What it does: - Removes specified metadata keys from matching files - Leaves other metadata fields intact - Does not affect file content or standard metadata (title, MIME type, etc.) - Returns the updated content information

Use cases: - Remove temporary or expired metadata fields - Clean up metadata from deprecated workflows - Remove sensitive metadata that's no longer needed - Standardize metadata by removing inconsistent fields

Example: Remove temporary metadata from processed files

#kb_service_remove_metadata
1
2
3
4
5
6
7
# Remove specific metadata keys from all matching files
updated_contents = kb_service.remove_contents_metadata(
    keys_to_remove=["temp_status", "processing_id", "draft_version"],
    metadata_filter=metadata_filter
)

print(f"Removed metadata from {len(updated_contents)} files")
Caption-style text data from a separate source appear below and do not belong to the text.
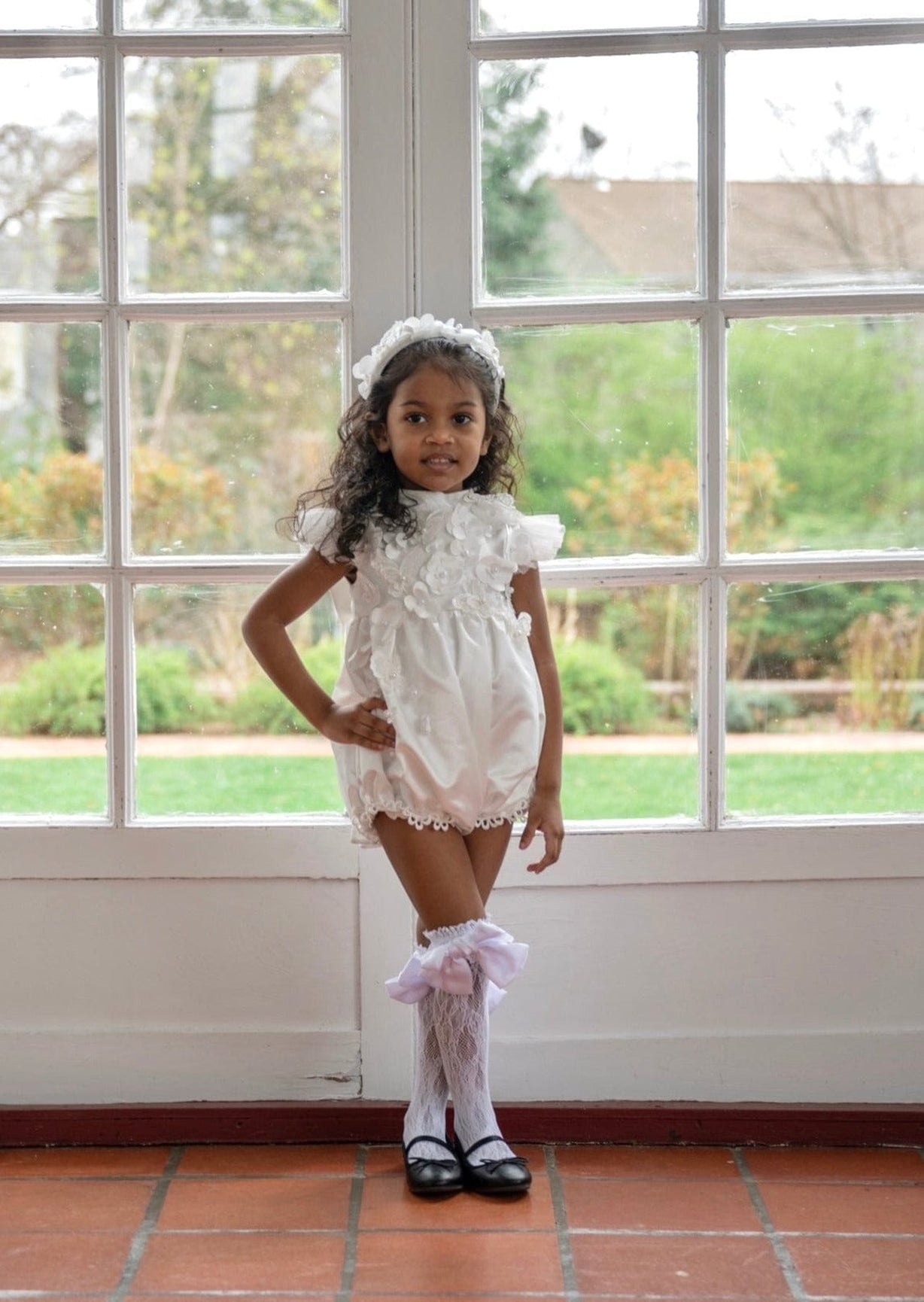 Girl | Butterfly White Satin Ceremony Romper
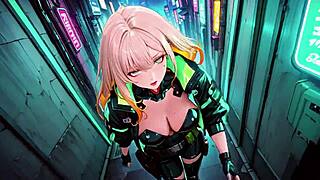neon rain night blonde agent crouches in wet leather glow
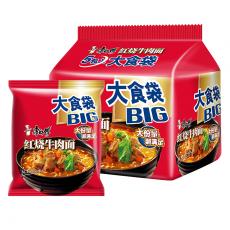 康师傅大食袋红烧牛肉面五连包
Best practice: Test your filter with get_paginated_content_infos() first to see which files will be affected and what metadata they currently have.

Full Examples

Full Examples Content Search (Click to expand)
# %%
from pathlib import Path

from dotenv import dotenv_values

from unique_toolkit import (
    KnowledgeBaseService,
)
from unique_toolkit.content.schemas import (
    ContentSearchType,
)
from unique_toolkit.smart_rules.compile import (
    Operator,
    Statement,
)

kb_service = KnowledgeBaseService.from_settings()
demo_env_vars = dotenv_values(Path(__file__).parent / "demo.env")
scope_id = demo_env_vars.get("UNIQUE_SCOPE_ID") or "unknown"
smart_rule_folder_content = Statement(
    operator=Operator.EQUALS, value=f"{scope_id}", path=["folderId"]
)

metadata_filter = smart_rule_folder_content.model_dump(mode="json")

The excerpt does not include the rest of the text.